A computational grid is a set of geographically distributed IT resources which can be mobilized by a single application using software services that tie them together. The definitive book on the subject is, "The Grid: Blueprint for a New Computing Infrastructure", edited by Ian Foster and Carl Kesselman, in which several authors describe how such computing grids might be built and what they could accomplish. We highly recommend this book to everyone interested in a technical overview of Grids.

Several computational grid testbeds are operational, but the challenges facing our experiments have led us to the concept of a Petascale Virtual-Data Grid. "Petascale" emphasizes the massive CPU resources (Petaflops) and the enormous datasets (Petabytes) that must be harnessed, while "virtual" refers to the many required data products that may not be physically stored but exist only as specifications for how they may be derived from other data. The resulting computational and data management problems differ fundamentally in the following respects from problems addressed in previous work:

  • Data-intensive as well as computation-intensive: Analysis tasks can involve thousands of computer, data handling, and network resources. The central problem is coordinated management of computation and data, not simply data movement.

  • Need for large-scale coordination without centralized control: Stringent performance goals require coordinated management of numerous resources, yet these resources are, for both technical and strategic reasons, highly distributed and not amenable to tight centralized control.

  • Large dynamic range in user demands and resource capabilities: These systems must be able to support and arbitrate among a complex task mix of experiment-wide, group-oriented, and (thousands of) individual activities-using I/O channels, local area networks, and wide area networks that span several distance scales. These considerations motivate the study of the virtual data grid technology that will be critical to future data-intensive computing not only in the four physics experiments, but in the many areas of science and commerce in which sophisticated software must harness large amounts of computing, communication and storage resources to extract information from measured data.

The Petascale Virtual-Data Grid (PVDG) is a unifying concept that describes the new technologies required to support such next-generation data-intensive applications. We use this term to capture the following unique characteristics:

  • A virtual data grid has large extent-national or worldwide-and scale, incorporating large numbers of resources on multiple distance scales.

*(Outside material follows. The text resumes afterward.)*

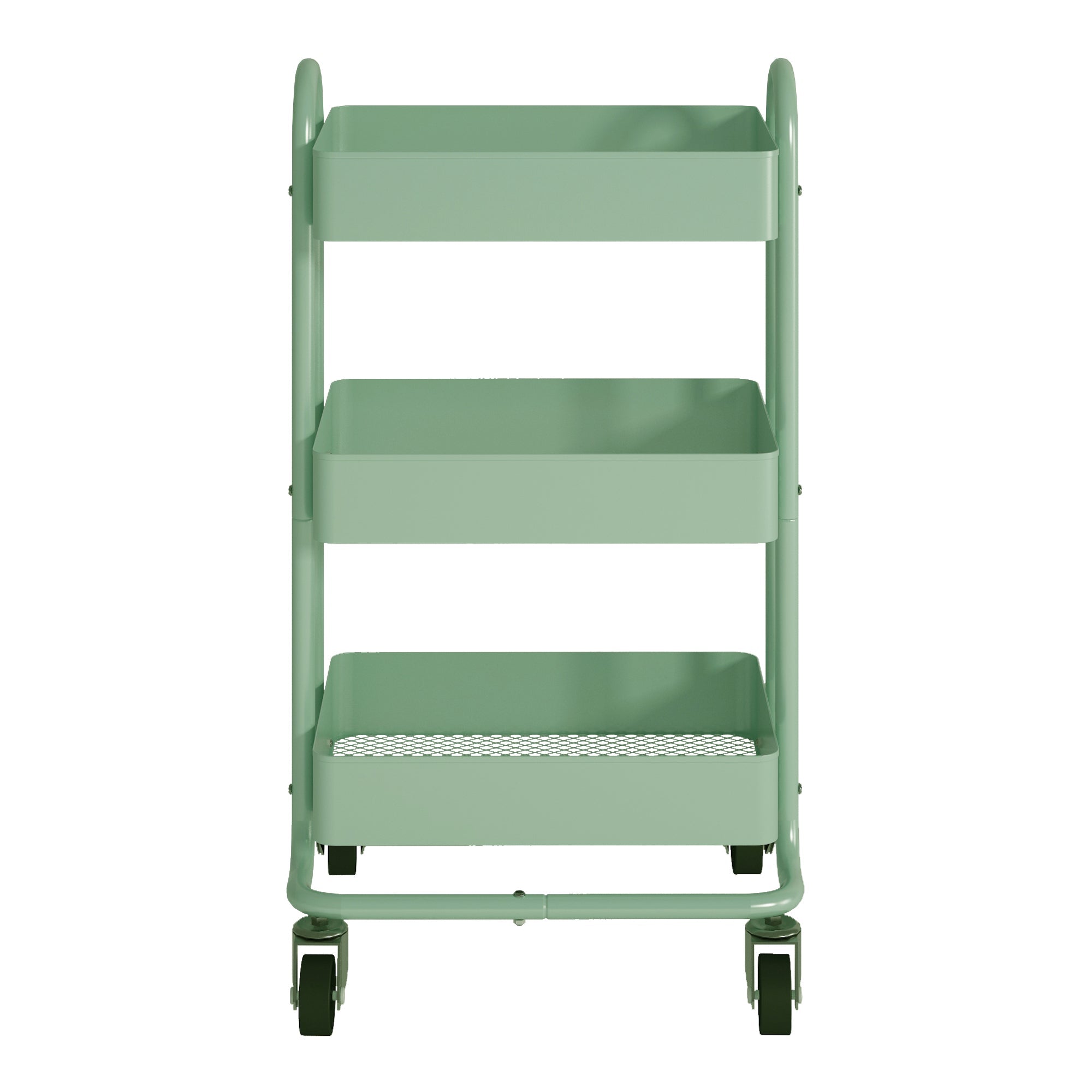 Carrello di servizio su ruote 3 cestelli in acciaio 785 x 46 x 35 cm verde menta 03_0006801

  • A virtual data grid is more than a network: it layers sophisticated new services on top of local policies, mechanisms, and interfaces, so that geographically remote resources can be used in a coordinated fashion.

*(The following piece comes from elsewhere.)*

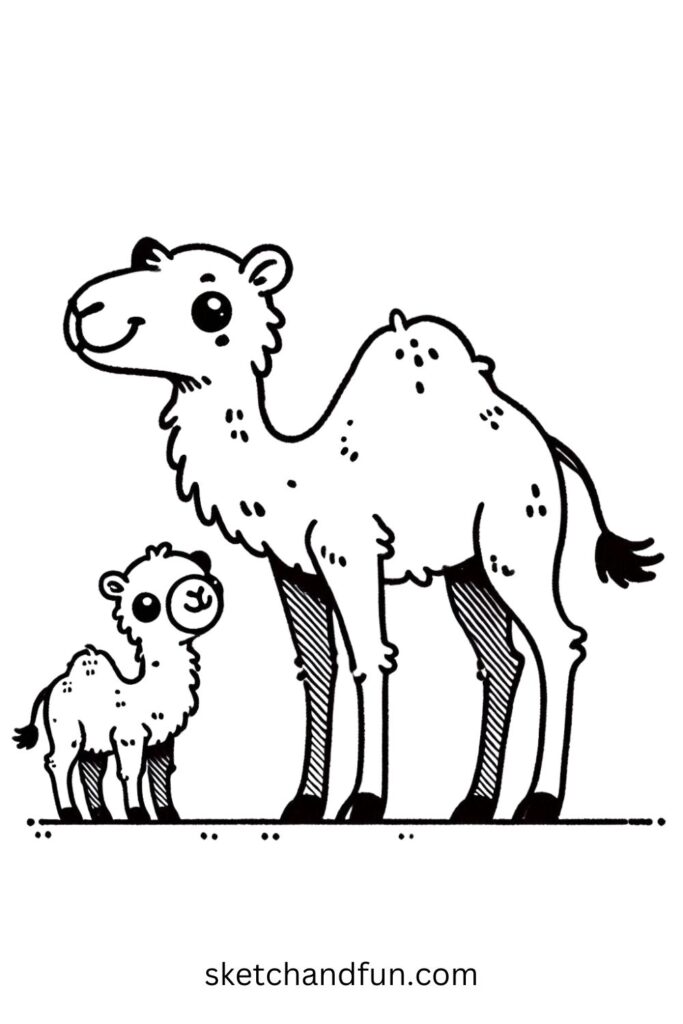 Camel and Baby Camel ๐ผ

  • A virtual data grid provides a new degree of transparency in how data-handling and processing capabilities are integrated to deliver data products to end-user applications, so that requests for such products are easily mapped into computation and/or data access at multiple locations. (This transparency is needed to enable optimization across diverse, distributed resources, and to keep application development manageable.)

Figure 1: A production Grid showing the strong integration of data generation facilities, storage, computing and networks, plus tools for scheduling, management and security.

These characteristics combine to enable the definition and delivery of a potentially unlimited virtual space of data products derived from other data. In this virtual space, requests can be satisfied via direct retrieval of materialized products and/or computation, with local and global resource management, policy, and security constraints determining the strategy used. The concept of virtual data recognizes that all except irreproducible raw experimental data need 'exist' physically only as the specification for how they may be derived. The grid may instantiate zero, one, or many copies of derivable data depending on probable demand and the relative costs of computation, storage, and transport. (In high-energy physics today, for example, over 90% of data access is to derived data.) On a much smaller scale, this dynamic processing, construction, and delivery of data is precisely the strategy used to generate much, if not most, of the web content delivered in response to queries today.